トルコでは、全国のハウス栽培及び露地栽培によるトマト生産を巻き込んだトマト蛾(Tuta Absoluta)被害、及びヨーロッパでのトマトの需要拡大により、トマト不足が生じている。市場でのトマト不足と価格高騰により、特にアナトリア地方ではトマトが闇市場に流出する状況となっている。
トルコ青果卸売協会(TÜMESKOM)会長ブルハン・エル氏は、イスタンブルは青果の集積卸売市場になったと説明し、「アナトリア地方の各県で栽培されるすべてのトマトはイスタンブルへ出荷されています。アナトリア地方のトマト生産が優良な県においてさえ、生産したトマトをイスタンブルに出荷しているために、県自体のトマト需要を満たすことが難しくなっています」と話した。

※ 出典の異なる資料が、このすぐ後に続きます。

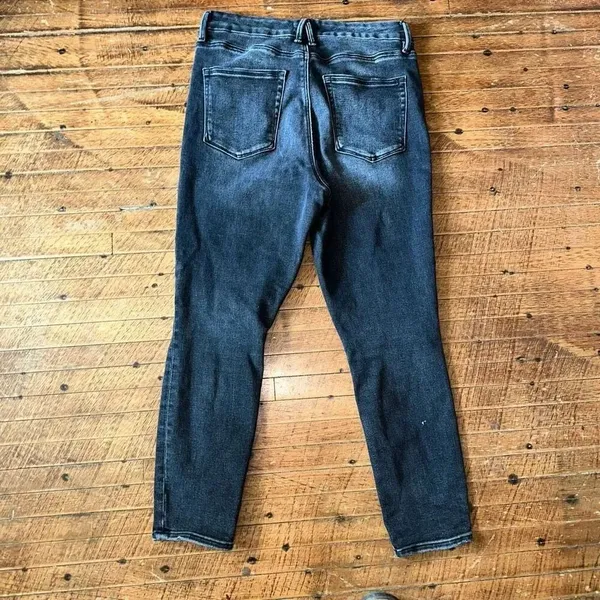 Good American distressed black157 luxe wedgie jeans - Image 6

アイドゥン県では県内需要にさえもトマトが不足していると話すエル氏は、「私の農作業労働者たち、妻や親友たちのトマトさえ、アイドゥン県及び近郊の県では入手出来ずに、イスタンブルから運ばせました。アイドゥン県のようなトマトの産地であるエーゲ海及び地中海地方で現在トマトが不足しています。現在生産されたトマトは闇市場へと流れている状況です」と述べた。
■トルコは農業国だが、農業政策は皆無
同時に世界青果市場連盟の委員でもあるブルハン・エル氏は、トルコには農業政策が皆無だと言及した上で、「トルコは農業国でありながら、農業政策がとられていません。農業においては、計画的生産、市場戦略、及び然るべき奨励制度によって農家を支援していく必要があります。とりわけ一部の農産物に関しては、農家は一体何をどの時期に植えるべきかが分からないのです」と話した。
■アイスランドの火山噴火も影響
2010年初頭にアイスランドで起きた火山噴火によりヨーロッパ農業が甚大な被害を受けたと話すブルハン・エル氏は、「農業国であるヨーロッパの国々では、農産物への被害が大きいと見るや、地理的に最も近いトルコへ目を向けました。特に、ヨーロッパからトルコへの農産物の需要が大きな割合で増加するであろうことは、6月初めには既に明らかでした。参加した国際博覧会では、各国の青果市場からそうした要請を受けました。この要請がくると、あとは自由市場の法則に則り、品質の良いトマトすべてがヨーロッパに送られてしまいました。輸出を停止せよとは言いませんが、輸出されることによって現在の国内市場のトマト需要に応じることが出来ていません」と述べた。
■価格は半落しうる
ハウス栽培で1カ月遅い種まきとなった状況も(トマト不足に)影響したと説明するエル氏は、「ハウス栽培トマトが11月初頭には市場に出荷される予定です。しかし、ハウス栽培トマトがヨーロッパに出荷されるなら、価格で大きな変化はないでしょう。もしハウス栽培トマトがトルコ国内市場に出荷されるならば、価格も半値に下がるのではと期待しています」と話した。
■「トマトの黄金時代は闇市場にて」
アンタリヤ市の卸市場にてトマトの価格は(1キロ当たり)3.5~4TL(トルコリラ)の間で、スーパーや市場では6TLまで高騰した。アンタリヤでは、ハウス栽培での種まきが1カ月遅れたことにより、近々市場への出荷予定のハウス栽培トマトは、11月10日まで待つことになる。トルコは1カ月間、トマト不足に見舞われるだろう。(トマト蛾の)被害を受けたことから、特に露地栽培もので最も深刻な年間収穫が減少したと強調するアンタリヤ商工会議所青果委員会会長のムスタファ・キュチュクオール氏は、「記録的な収穫量の減少により、需要への対応が不可能となったため、トマト価格は高騰しました。あと1カ月は残念ながら望むような高品質のトマトを見つけることは出来ないでしょう。さらに価格高騰は続くでしょう。トマトは闇市場でまさに黄金時代を迎えています」と話した。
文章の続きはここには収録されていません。